С одной стороны воза образовалась тень, и они упали спинами на мягкое сено, будто подперли воз.
— Шутник! Ты всегда веселый был, Миша. Помнишь, как мы первый раз возили отсюда сено?
— Тетеньке?
— Дяденьке... Соорудили воз, сел я — дерг за вожжи, а конячка меня не слушается. Ноль внимания. Ну, полный ноль!
— Чего это так?
— Друг мой привязал вожжи к оглоблям, я их и погоняю, а конячка траву жует.
Они смеялись, а боль лезла под лопатку. На воз он еле взобрался, Афон и руками подсаживал, и плечо подставлял. А когда, качнувшись, выплыли на дорогу, Михаил Авдеевич спросил:
— Далеко твоя тетенька живет?
— А что?
— Сворачивай, брат, в больницу...
И так обыкновенно прозвучала его короткая просьба, что Афон еще пошутил:
— По сиделке, что ль, соскучился?
А он только подумал: хорошо, что не дома, никого пугать не придется, зато в самого проник незнакомый страх...

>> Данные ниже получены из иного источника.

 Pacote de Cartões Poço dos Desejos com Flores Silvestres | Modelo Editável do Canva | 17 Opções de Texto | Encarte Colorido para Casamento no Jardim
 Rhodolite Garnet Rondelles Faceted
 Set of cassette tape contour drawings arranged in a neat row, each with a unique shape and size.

Он попытался отвалиться на пахучее, неколкое сено, и тут же застонал, и нашел силы опять присесть.
— Лежи! — приказал Афон.
— Сидеть лучше.
Воз двигался, и глазным стало движение. Воз поднимался над заборами, над крышами садовых домиков и даже над деревьями, а окружением стало небо. В нем было много воздуха.

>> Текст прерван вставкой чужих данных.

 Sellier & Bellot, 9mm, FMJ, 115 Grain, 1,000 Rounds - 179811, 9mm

— Косу бы, — прошептал Михаил Авдеевич.
— Да есть у меня коса! Чем же я косил? Пальцем, что ли? Эт, человек! Обкосим и твой участок, успеешь. Нам во Дворец культуры через два часа. Как тебе, Миш?
— Ко-ря-во...
Коняга уже бежала рысцой, и воз покачивался, и свежее сено шуршало в нем, будто ветер гнал и гнал по асфальту вороха сухих листьев. Шуршащий шум был непрерывным, как у моря, наверно.
Афон подгонял конягу вожжами и бормотал:
— Держись, Миша... Старайся, родной... Чего ты говоришь?

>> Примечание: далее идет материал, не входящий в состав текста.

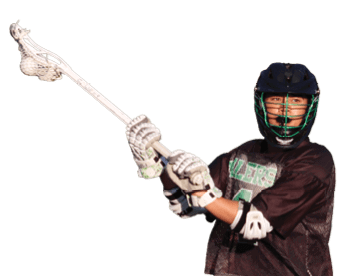 A man holding a lacrosse stick. Description generated by AI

Он приблизился к другу, коснулся щекой белых его усов, но слов разобрать не смог, рваные и тихие звуки уже не дотягивались друг до друга.
— Кос... Кос
«Все косу требует, — догадался Афон. — Или Коську зовет?»
Какая-то тревога выгнала Елену Степановну на улицу. Она ждала мужа к обеду, но обед уже не первый раз остывал, Зина звонила домой по новому телефону, поставленному сегодня, кричала, где отец, тоже волновалась, и что это, мол, за хозяйка, не знает, где ее муж, сама принялась разузнавать, снова позвонила и сообщила, что добилась в хозуправлении — дядя Афон взял телегу и поехал на участок, а отец, конечно, с ним, вот люди, поехали за сеном, другого времени не нашли, и Елена Степановна успокоилась чуточку, но все же вместе с Мишуком добралась до угла.